When does the next complex split occur? So I was thinking about complex numbers and how they came about and someting interesting occured to me:
the formation of complex numbers occurs because there exists a function (namely $f(x)=x^2$) that maps reals to a smaller subset of reals and therefore the by setting the equation $x^2 = p$ in $\{x\in\Bbb R:x\not\in f(\Bbb R)\}$. 
We are forced to create a new mathemtical value, $i$ to handle the equation.
Couldn't this extension occur elsewhere? For example, say there is some function $f_{\Bbb C}$ that maps the complex numbers to a smaller subset of the complex numbers then the expression
$f_{\Bbb C}(x) = j$ in $\{z\in\Bbb C:z\not\in f_{\Bbb C}(\Bbb C)\}$
will require the creation of a new mathematical constant.

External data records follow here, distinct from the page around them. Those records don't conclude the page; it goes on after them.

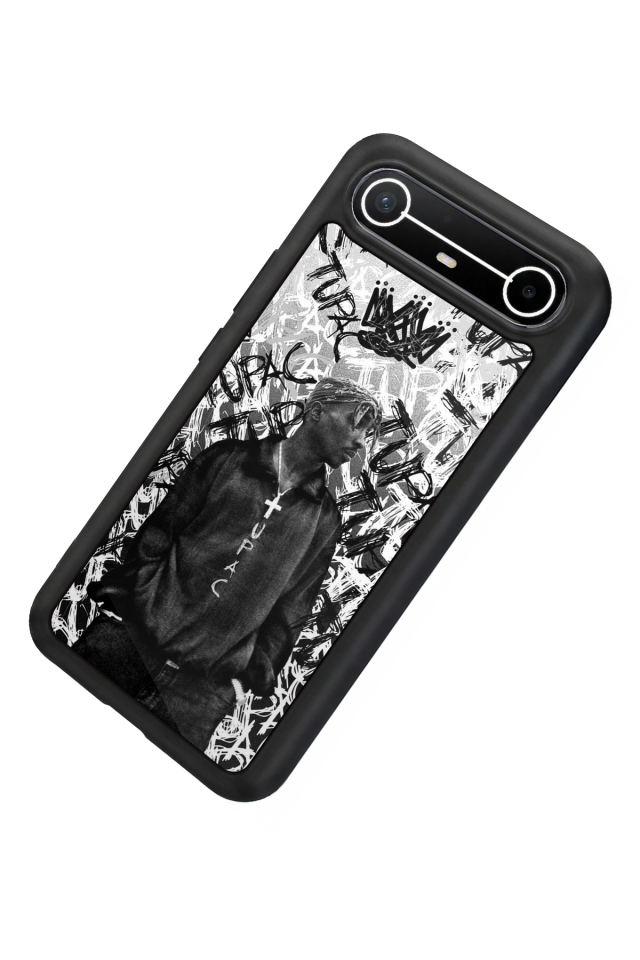 Tecno Spark Slim 5G Uyumlu Tupac Tasarımlı Glossy Premium Kılıf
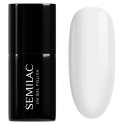 Semilac 389 Coconut Ice Cream, bote y muestra de color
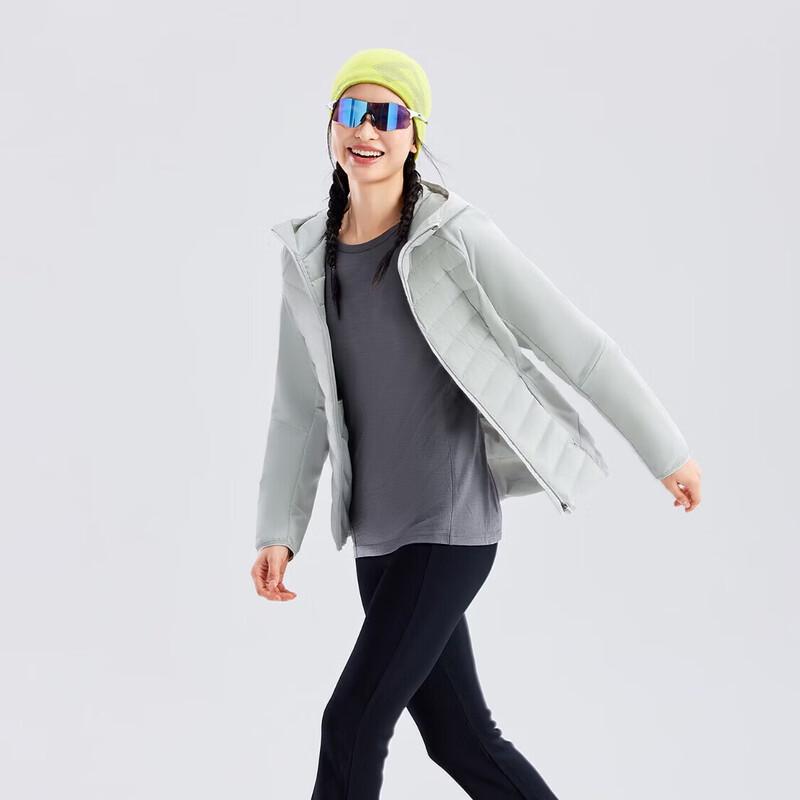 Pioneer Camp Women's Spliced Hooded 90% Duck Down Waist-Cinching Jacket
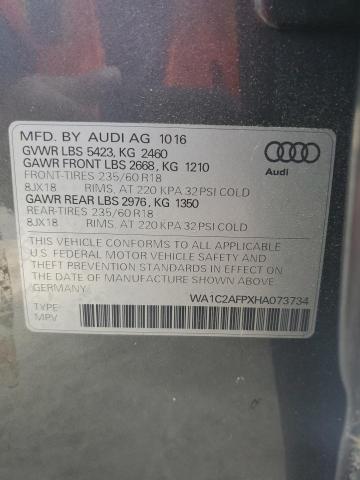 2017 AUDI Q5 PREMIUM - WA1C2AFPXHA073734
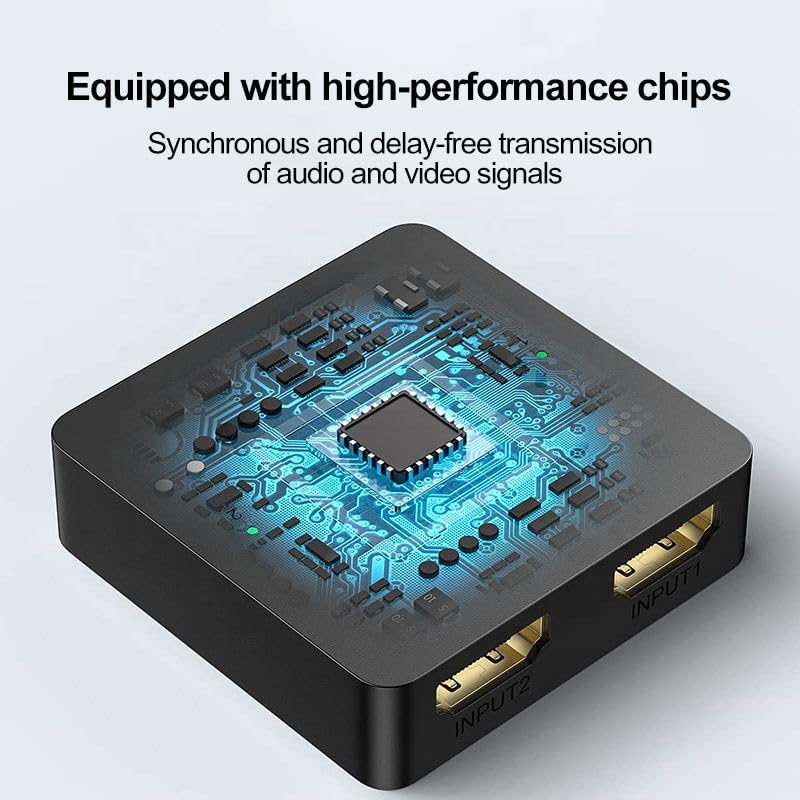 Orco 4K@60Hz HDMI Switch Bi-Directional, Aluminum HDMI Splitter 2 in 1 Out or 1 in 2 Out, Support 4K 3D 1080P, Switcher for PS5, PS4, Xbox, Roku, Apple TV, HDTV, Monitor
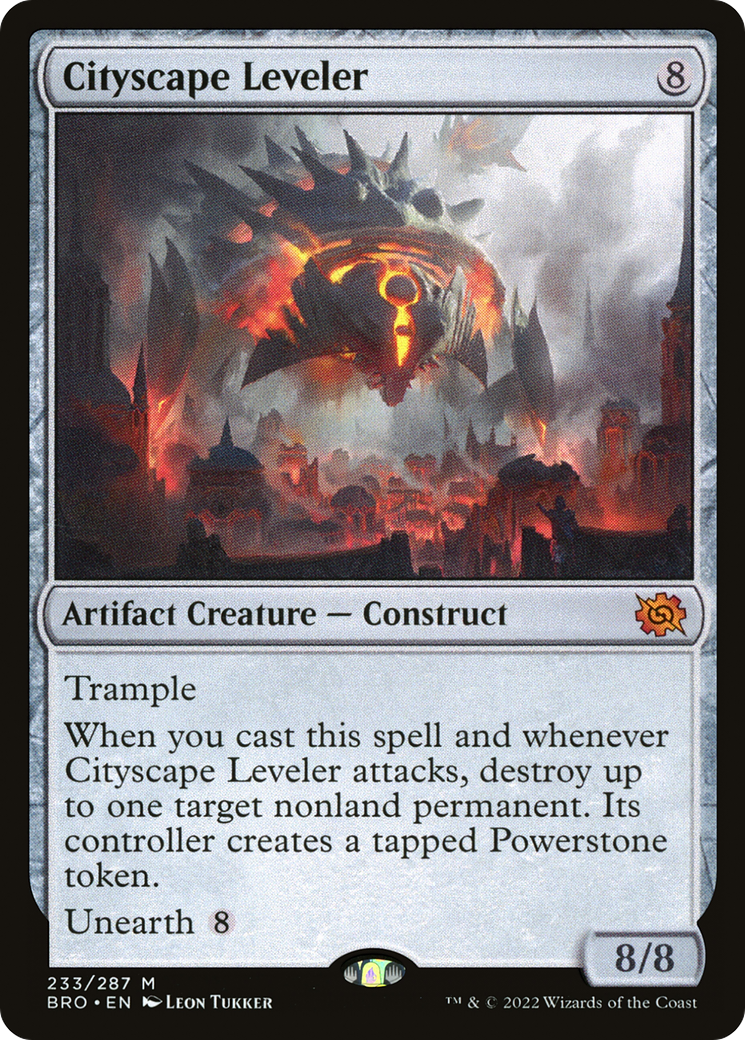 Cityscape Leveler (BRO-233)  Foil - The Brothers' War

Is this possible? Has it ever happened? This differs greatly from quaternions and other tools which are considered extensions of the complex plane. The most basic idea that comes to mind is the absolute value function.
The equation: $|x| = c$ where $c$ is not a positive real number or $0$ but is a member of the complex plane. 
You would get numbers $p$, such that $|p| = -1$, and $t$ such that $|t| = i$. From there the expression $p\cdot t$ would be such that $|p\cdot t| = -i$. Then an entire algebra from these can be constructed.
But the only reason I'm not satisfied with this answer is because Complex numbers were naturally developed from the basic hyperoperators (addition -- multiplication -- powers (produces complex numbers) --> tetration ---> pentation etc...) Is there some hyperoperator down the line that will produce the next complex number? 
 A: First of all we have the fundamental theorem of algebra which says that the the roots of polynomial functions with complex coefficients all lie in the field of complex numbers.
You are intimating that integers are required to solve
$x+a=b$ with $a>b$ are natural numbers.
Fractions are required to solve
$ax=b$ where $a,\,b\in\mathbb{N}$ with $a\neq 0$.
Real numbers are required to solve 
$x^2=a$ with $a\in\mathbb{N}$
etc.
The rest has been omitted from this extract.